Ponte della piattaforma.  Il ponte smontato, visto dal basso, mostra innanzitutto i contatti agli anelli collettori esaminati in precedenza. I due contatti per i binari toccano l'anello esterno e, come abbiamo visto, alimentano sia il ponte, sia l'eventuale binario della rimessa ad esso connesso. I tre contatti interni alimentano i due avvolgimenti della bobina di campo del motore (con i due fili rossi) e l'elettrocalamita (con il filo nero).

Ma la parte forse più interessante è quella prettamente meccanica. Il problema chiave della rotazione della piattaforma è che il ponte deve fermarsi esattamente in corrispondenza di ciascun binario. Per far questo, si utilizza un dente di arresto, che, sporgendo dal ponte, va a impegnarsi in un corrispondente intaglio nel corpo della piattaforma, allineato a ciascun binario.
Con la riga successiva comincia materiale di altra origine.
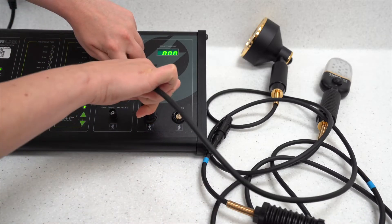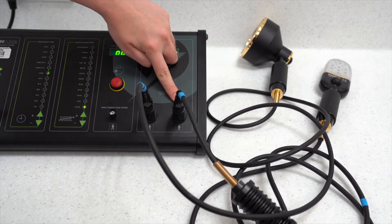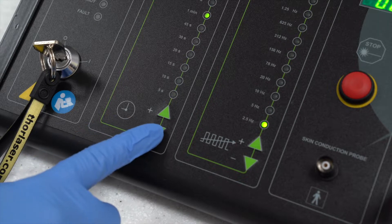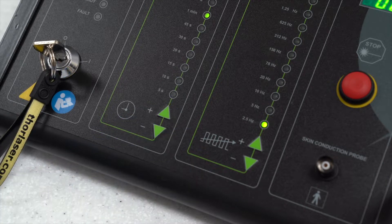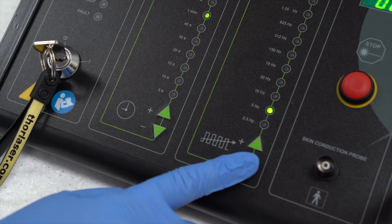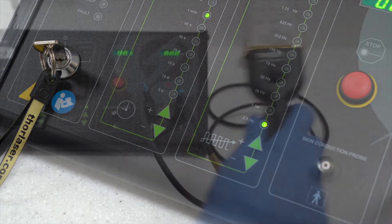Insert the probes into either probe connection. Treatment time can be adjusted using the up and down arrows. Our protocol is for one minute treatment time per site. Modulation frequency can also be adjusted using the up and down arrows and should be set to 2.5 Hertz. As long as these values have not been changed between uses, they should be preset.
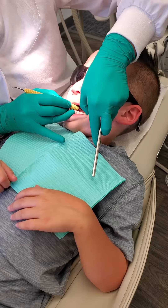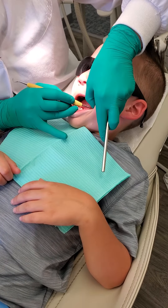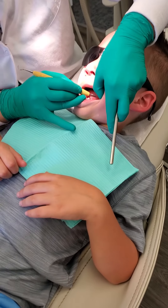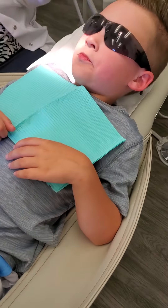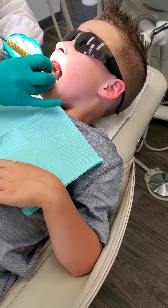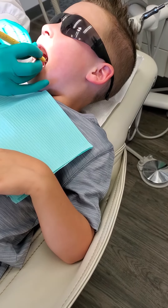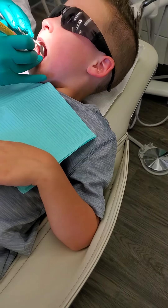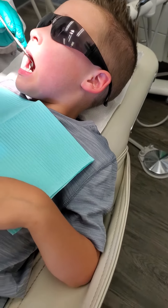Wait till they're all clean and then they feel really nice and good. Is he getting a molar back there on that side, or just the other side? There's a little formation groove there. You're doing so good, bud.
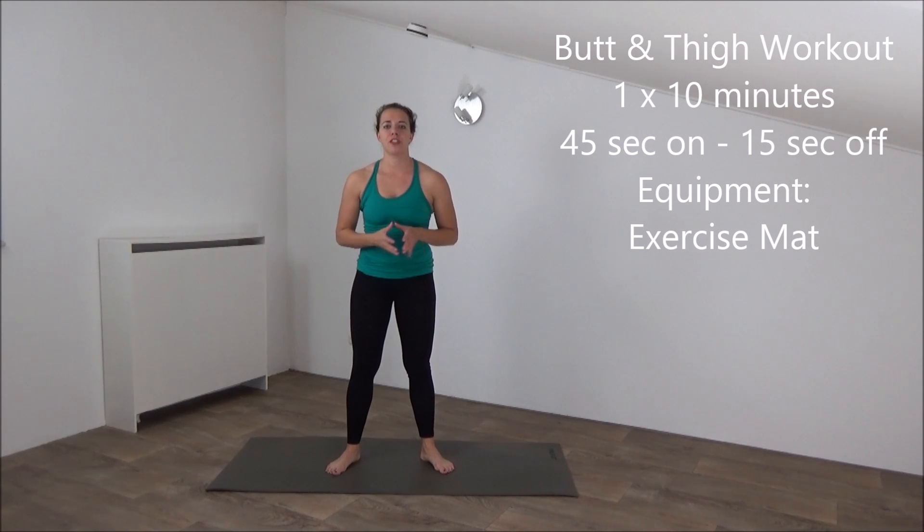Hi, the workout for today is a better fine workout. The workout takes about 10 minutes and the only equipment you need is an exercise mat. Let's start.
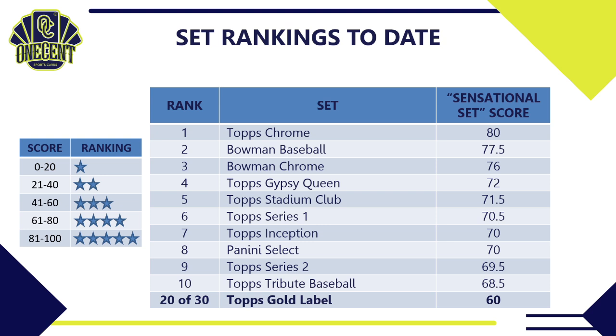In the overall 2021 rankings, Topps Gold Label ranks 20th out of 30 sets released so far this season. Topps Chrome remains at the top, with Bowman Baseball and Bowman Chrome rounding out the top three. Topps Tribute sits at number 10, and Topps is dominating the top 10 overall. Panini has had a ton of delays on their baseball products, with Panini Select being the only Panini set in the top 10 right now. Let me know what you think in the comments, hit that like button, and best of luck ripping your packs of Topps Gold Label. Take care of your family, friends, neighbors, and yourself — thanks for watching!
Ecco dunque il funzionamento: quando si preme un pulsante sul quadro, si alimenta l'elettrocalamita, che muove la leva di comando nel senso della freccia gialla e fa ritrarre il dente di arresto, permettendo la rotazione del piatto. Contemporaneamente l'elettrocalamita chiude anche il contatto del motore e questo inizia a girare. Rilasciando il pulsante, l'elettrocalamita viene disalimentata, ma il motore non si ferma, perché il dente di arresto è trattenuto in posizione ritratta (dato che tra un binario e l'altro manca il corrispondente intaglio sulla piattaforma): il dente ritratto mantiene chiuso il contatto del motore anche con l'elettrocalamita inattiva.

Arrivato il ponte in corrispondenza del binario successivo, la molla di richiamo fa scattare il dente nel verso della freccia blu: il contatto si apre, il motore viene disalimentato, il ponte si ferma perfettamente allineato al binario. Un nuovo impulso sul quadro di comando permette di ripartire verso il successivo binario. Oppure il mantenere brevemente premuto il pulsante quando il ponte sta avvicinando a un binario consente di "saltare la fermata", dato che l'azionamento dell'elettrocalamita impedisce alla molla di richiamo di far uscire il dente.

La piattaforma girevole - Ponte della piattaforma.

 

Motore e trasmissione.  Infine vediamo la trasmissione vera e propria del movimento, che si attua con ben due viti senza fine, necessarie a ridurre in maniera significativa i giri di rotazione del motore, dato che ovviamente la piattaforma deve ruotare molto lentamente. C'è un ultimo accorgimento da tenere in considerazione: disalimentando il motore, questo per inerzia non si ferma di colpo, il che sarebbe incompatibile con l'arresto al binario, che deve essere "preciso" e dunque immediato. Quando il dente di arresto scatta come abbiamo visto nella scorsa immagine, contemporaneamente un altro dente, visibile qui, scatta anch'esso nel senso della freccia gialla: esso va a impegnare una flangia, montata sull'asse di trasmissione, causando il blocco istantaneo della rotazione della trasmissione stessa e dunque del ponte. L'asse di trasmissione è collegato al motore mediante un giunto a frizione (trattenuto da una molla), di modo che il motore può decelerare e fermarsi in base alla sua inerzia, indipendentemente dall'arresto immediato della trasmissione a valle.

Questo esemplare di piattaforma risale ai primi anni '60, ma è del tutto funzionante, compreso il meccanismo a frizione, che fa ancora perfettamente il suo lavoro, dopo quasi 60 anni!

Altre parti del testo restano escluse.